▶ Prompt
Beginning with the line that contains "Bottines Chelsea pour homme avec tirettes 7", print each line to the end of the data exactly. Omit the pictures.

▶ Source data
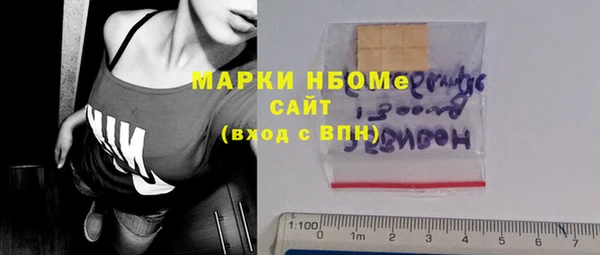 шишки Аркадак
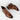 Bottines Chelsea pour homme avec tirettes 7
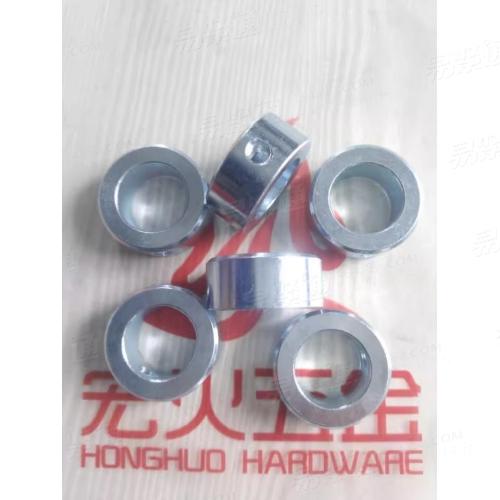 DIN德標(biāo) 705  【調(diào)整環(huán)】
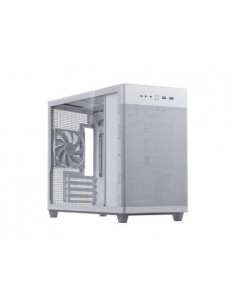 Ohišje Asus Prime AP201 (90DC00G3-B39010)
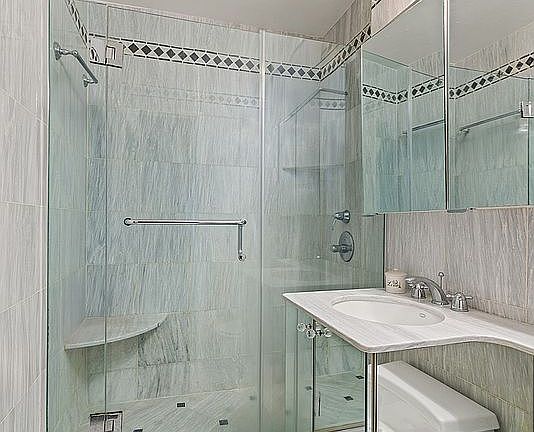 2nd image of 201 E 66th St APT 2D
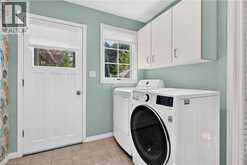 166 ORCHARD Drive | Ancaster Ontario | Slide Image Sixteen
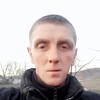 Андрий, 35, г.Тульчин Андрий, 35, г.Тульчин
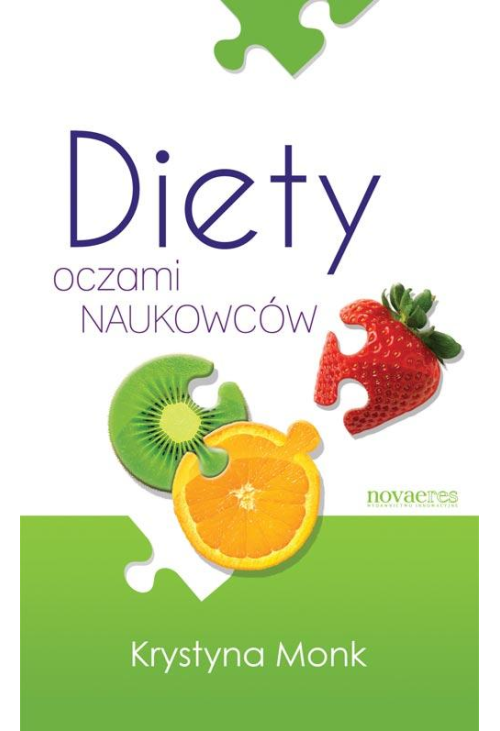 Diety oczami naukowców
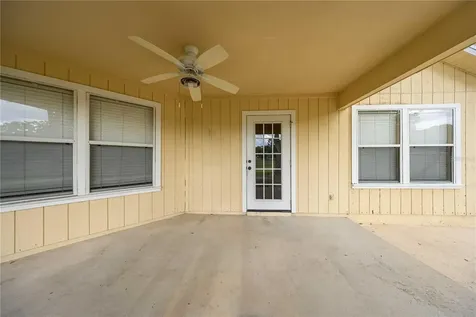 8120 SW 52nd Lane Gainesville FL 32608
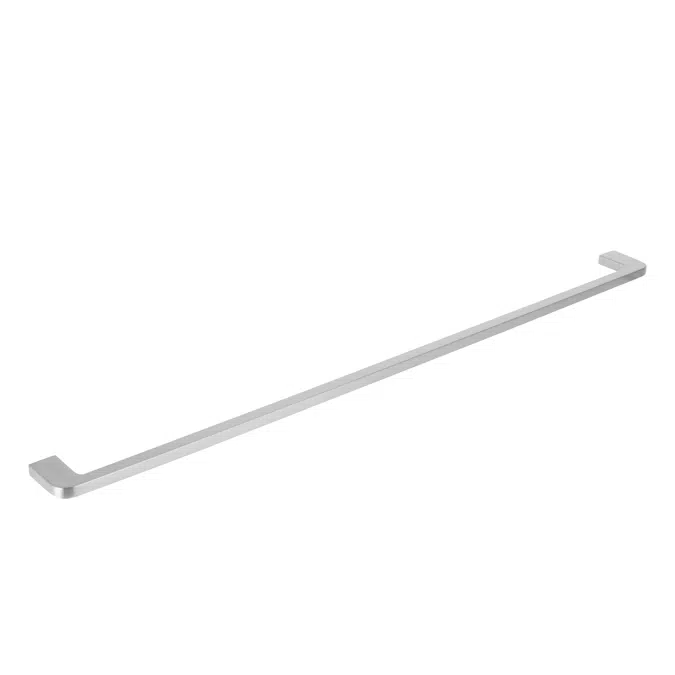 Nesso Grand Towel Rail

▶ Solution for this exercise
 Bottines Chelsea pour homme avec tirettes 7
 DIN德標(biāo) 705  【調(diào)整環(huán)】
 Ohišje Asus Prime AP201 (90DC00G3-B39010)
 2nd image of 201 E 66th St APT 2D
 166 ORCHARD Drive | Ancaster Ontario | Slide Image Sixteen
 Андрий, 35, г.Тульчин Андрий, 35, г.Тульчин
 Diety oczami naukowców
 8120 SW 52nd Lane Gainesville FL 32608
 Nesso Grand Towel Rail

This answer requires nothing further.